We address this difficulty by examining each assertion and explanation separately. We employ some requirements for assertion and reasoning, such as any matrix being skew symmetric if and only if it is the inverse of its transpose, and the generic properties of determinants is given as $\left| A \right|=\left| {{A}^{T}} \right|$and $\left| -A \right|={{\left( -1 \right)}^{n}}\left| {{A}^{T}} \right|$ where n is the number of rows or columns of a square matrix.
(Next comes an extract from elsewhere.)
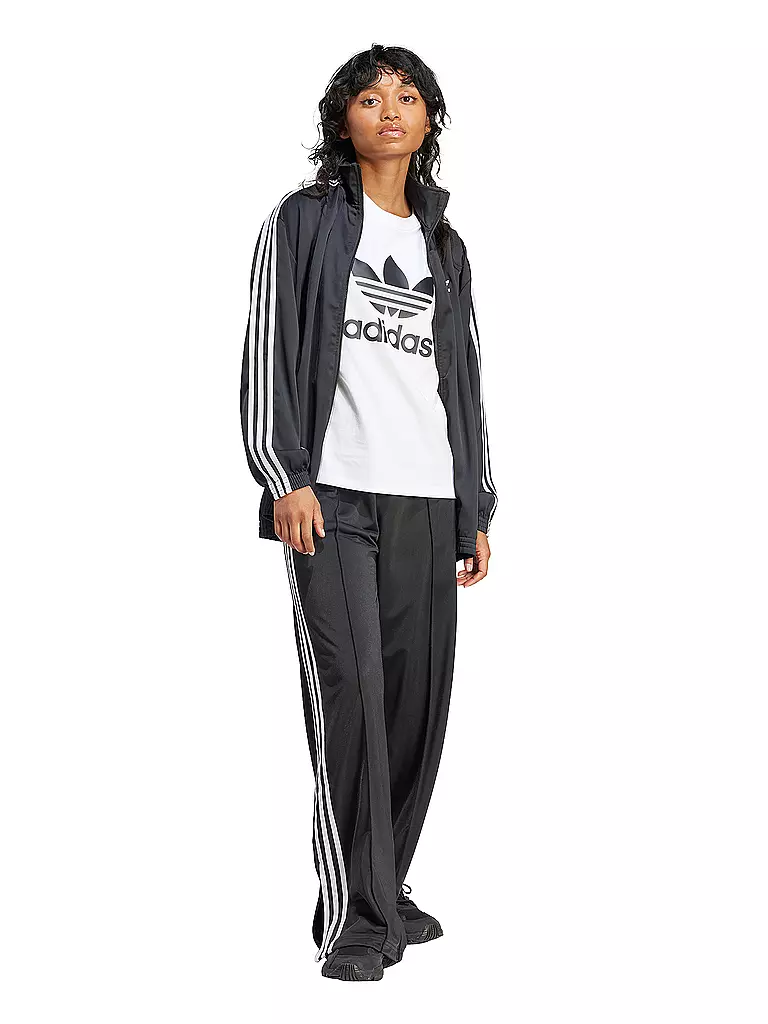ADIDAS ORIGINALS Jogginghose FIREBIRD schwarz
Use these two properties to reach the answer.

Complete step-by-step solution:
For Assertion,
Let A be a skew- symmetric matrix of $n\times n$ order, where n is 3.
We know that the determinant of A is always equal to the determinant of its transpose.
$\left| A \right|=\left| {{A}^{T}} \right|---(1)$
However, since A is a skew-symmetric matrix were,
${{a}_{ij}}=-{{a}_{ji}}$ (i and j are rows and column numbers).
Therefore, in case of skew-symmetric matrix
$\left| {{A}^{T}} \right|={{\left( -1 \right)}^{n}}\left| A \right|---(2)$
But in the assertion, it is given that $n=3$
$\Rightarrow \left| {{A}^{T}} \right|={{\left( -1 \right)}^{3}}\left| A \right|$
As we know that ${{(-1)}^{3}}=-1$, we get:
$\Rightarrow \left| {{A}^{T}} \right|=\left( -1 \right)\left| A \right|$
Substituting the value of $\left| {{A}^{T}} \right|$ in equation (1), we have
$\Rightarrow \left| A \right|=-\left| A \right|$
By rearranging the term, we get:
$\Rightarrow \left| A \right|+\left| A \right|=0$
By simplifying this further we get:
$\Rightarrow 2\left| A \right|=0$
From this above step we get the value of $\left| A \right|$that is
$\Rightarrow \left| A \right|=0$
Hence, the determinant of an odd skew- symmetric matrix is always zero
For Reasoning we have the equation (2) that is $\left| {{A}^{T}} \right|={{\left( -1 \right)}^{n}}\left| A \right|$
Here, substitutes the value of equation (1) on equation (2) we get:
$\Rightarrow \left| A \right|={{\left( -1 \right)}^{n}}\left| A \right|---(3)$
Now, consider the value of $n=3$and substitute in the equation (3) we get:
$\Rightarrow \left| A \right|={{\left( -1 \right)}^{3}}\left| A \right|$
As we know that ${{(-1)}^{3}}=-1$, we get:
$\Rightarrow \left| A \right|=-\left| A \right|$
Hence, we can see that $\left| A \right|=-\left| A \right|$ This condition holds true when the value of n is odd.
Reasoning is incorrect because $\left| A \right|=-\left| A \right|$ for odd matrices only.
Hence, Assertion is correct but Reason is incorrect.
So, the correct option is “option C”.

Note: Remember all of the matrix's properties in order to tackle these types of problems. The following are some of the characteristics of a skew symmetric matrix: A skew-symmetric matrix is a scalar multiple of a skew-symmetric matrix. A skew-symmetric matrix's members on the diagonal are all zero, hence its trace is also zero. The sum of the matrix's diagonal elements is its trace.